In the future, it may be possible to achieve what has long been impossible: to control the immune system without incapacitating it.
In Germany alone, there were around 9000 people on the waiting list for a donor organ on 01.01.2020. In the EU, more than 150,000 people were waiting in 2018. The situation in the USA is not much better. More than a third of all people on the waiting list die each year without having received an organ.
Xenotransplantation, in which organs are transplanted from animals to humans, has therefore been a long-standing idea. If this succeeded, we could breed animals for organ removal.
Already today, people with non-functional heart valves often receive so-called "biological heart valves", which are made from aortic valves of pigs or from the pericardial tissue of cattle. However, transplanting entire organs is more difficult. Those of chimpanzees, our closest relatives in the animal kingdom, are too small and not powerful enough. Pig hearts are physiologically more suitable. They have sufficient pumping capacity, a suitable size, and the blood and metabolism of pigs have similar characteristics to those of humans.
However, two major obstacles stand in the way of using pig organs: firstly, the so-called hyperacute rejection reaction, which occurs minutes or a few hours after transplantation, and secondly, the risk of virus transmission.
The so-called retroviruses of pigs (PERV - porcine endogenous retrovirus) are particularly problematic. These are integrated into the animals' genome as a kind of "sleeper" and are therefore also passed on to the offspring. Under certain circumstances they can become active again and cause diseases.
The second problem is immune tolerance. In mammals, so-called surface antigens are found on the surface of all cells. These vary from species to species and within species from individual to individual. They help the immune system to recognize the body's own healthy cells. If the pattern does not correspond to the norm known to the immune system, the cell in question is eliminated by the immune system. Pigs possess surface antigens that do not occur at all in humans. While these can be removed chemically from heart valve tissue, this is not possible with organs. They provoke the hyperacute rejection reaction, which cannot be controlled even with drugs.
The US biotechnology company eGenesis is working on both problems. In 2013, the then 27-year-old Harvard student Luhan Yang co-authored a study that showed that mammalian genes can be removed or altered. Yang, who had already been a kind of bio-superstar in her Chinese home country as a high school student, had no problem convincing the world-famous bio-engineer Geogre Church that this would also solve the virus problem in pig organs. Together they founded eGenesis.

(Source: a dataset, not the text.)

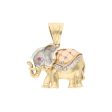 Dije diseño especial motivo elefante con sintéticos en oro tres tonos 14 kilates. Online now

The project also fascinated investors, and so the company began operations in Cambridge in February 2015. The scientists were able to publish a sensation in November: They had succeeded in deactivating all PERVs in pig cells. However, this was initially only one cell line, informs Carmel. "We wanted."
Two years later, the company was able to breed an entire pig without endogenous retroviruses from a cell line treated in this way. Since then, there have been pigs in which all 62 copies of the 25 PERVs are inactive. The first one was named Laika, after the dog that in 1957 was the first living creature to be purposefully placed in orbit around the earth. eGenesis is now working on minimising the rejection reactions. To this end, human genes will be introduced into the pigs' genome to make the tissue of the organs more immune compatible and reduce the risk of blood clots forming.
If this work also works - although there is currently no time frame for this - there would no longer be a shortage of donor organs in the future.